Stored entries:
◇ ◇ ◇ ◇
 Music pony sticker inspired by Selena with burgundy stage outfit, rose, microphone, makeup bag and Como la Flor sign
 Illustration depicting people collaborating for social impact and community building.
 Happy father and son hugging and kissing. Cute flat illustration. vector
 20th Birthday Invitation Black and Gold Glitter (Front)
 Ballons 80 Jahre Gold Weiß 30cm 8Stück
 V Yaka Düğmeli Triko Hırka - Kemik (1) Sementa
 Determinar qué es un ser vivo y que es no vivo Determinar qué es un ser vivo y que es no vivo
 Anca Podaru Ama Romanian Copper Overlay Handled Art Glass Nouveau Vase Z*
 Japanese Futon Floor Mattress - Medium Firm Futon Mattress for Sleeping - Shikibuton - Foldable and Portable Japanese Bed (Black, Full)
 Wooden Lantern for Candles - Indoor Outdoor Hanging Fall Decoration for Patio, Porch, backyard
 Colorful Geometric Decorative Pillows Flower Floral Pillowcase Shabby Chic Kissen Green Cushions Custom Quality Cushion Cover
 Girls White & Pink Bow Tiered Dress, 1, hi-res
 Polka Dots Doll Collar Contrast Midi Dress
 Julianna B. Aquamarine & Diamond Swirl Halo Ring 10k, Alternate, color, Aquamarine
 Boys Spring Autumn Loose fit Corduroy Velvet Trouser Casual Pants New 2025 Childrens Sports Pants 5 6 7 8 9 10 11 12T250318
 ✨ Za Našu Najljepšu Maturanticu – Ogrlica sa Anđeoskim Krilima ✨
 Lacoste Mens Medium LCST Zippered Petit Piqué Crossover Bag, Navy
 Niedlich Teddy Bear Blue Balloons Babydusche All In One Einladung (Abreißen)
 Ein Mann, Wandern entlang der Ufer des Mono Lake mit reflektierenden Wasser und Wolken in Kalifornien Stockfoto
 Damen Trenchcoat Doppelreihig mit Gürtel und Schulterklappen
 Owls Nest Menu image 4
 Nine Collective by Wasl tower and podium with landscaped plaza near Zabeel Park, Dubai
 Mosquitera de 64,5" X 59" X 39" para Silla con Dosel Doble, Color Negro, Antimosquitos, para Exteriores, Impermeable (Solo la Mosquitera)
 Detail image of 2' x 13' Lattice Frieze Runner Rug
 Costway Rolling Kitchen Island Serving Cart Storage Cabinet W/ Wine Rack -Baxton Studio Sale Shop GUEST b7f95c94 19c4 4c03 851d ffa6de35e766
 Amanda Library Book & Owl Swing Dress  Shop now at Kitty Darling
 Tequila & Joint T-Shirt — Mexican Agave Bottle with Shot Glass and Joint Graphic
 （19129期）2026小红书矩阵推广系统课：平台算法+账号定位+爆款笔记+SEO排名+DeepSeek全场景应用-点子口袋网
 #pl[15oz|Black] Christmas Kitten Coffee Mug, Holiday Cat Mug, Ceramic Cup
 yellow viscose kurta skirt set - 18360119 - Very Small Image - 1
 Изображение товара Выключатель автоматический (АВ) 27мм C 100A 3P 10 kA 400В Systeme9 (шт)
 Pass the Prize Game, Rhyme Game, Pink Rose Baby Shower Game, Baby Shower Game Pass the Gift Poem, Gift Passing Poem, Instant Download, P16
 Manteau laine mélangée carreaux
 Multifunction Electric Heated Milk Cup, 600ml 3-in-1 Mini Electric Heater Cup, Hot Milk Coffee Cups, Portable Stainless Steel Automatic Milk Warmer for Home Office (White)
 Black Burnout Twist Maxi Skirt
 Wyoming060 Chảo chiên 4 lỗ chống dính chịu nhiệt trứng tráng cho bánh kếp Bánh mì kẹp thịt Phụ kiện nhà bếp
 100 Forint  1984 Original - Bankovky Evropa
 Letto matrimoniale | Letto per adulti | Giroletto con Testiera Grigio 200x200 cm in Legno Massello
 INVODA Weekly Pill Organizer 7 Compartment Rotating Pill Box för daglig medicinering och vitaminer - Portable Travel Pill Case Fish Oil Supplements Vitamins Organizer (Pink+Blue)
◇ ◇ ◇ ◇
## [Assigned task]
Print the line containing "Multifunction Electric Heated", then every line after it through the last line of the records, each exactly as written; nothing else belongs in the answer.

## [Output below]
 Multifunction Electric Heated Milk Cup, 600ml 3-in-1 Mini Electric Heater Cup, Hot Milk Coffee Cups, Portable Stainless Steel Automatic Milk Warmer for Home Office (White)
 Black Burnout Twist Maxi Skirt
 Wyoming060 Chảo chiên 4 lỗ chống dính chịu nhiệt trứng tráng cho bánh kếp Bánh mì kẹp thịt Phụ kiện nhà bếp
 100 Forint  1984 Original - Bankovky Evropa
 Letto matrimoniale | Letto per adulti | Giroletto con Testiera Grigio 200x200 cm in Legno Massello
 INVODA Weekly Pill Organizer 7 Compartment Rotating Pill Box för daglig medicinering och vitaminer - Portable Travel Pill Case Fish Oil Supplements Vitamins Organizer (Pink+Blue)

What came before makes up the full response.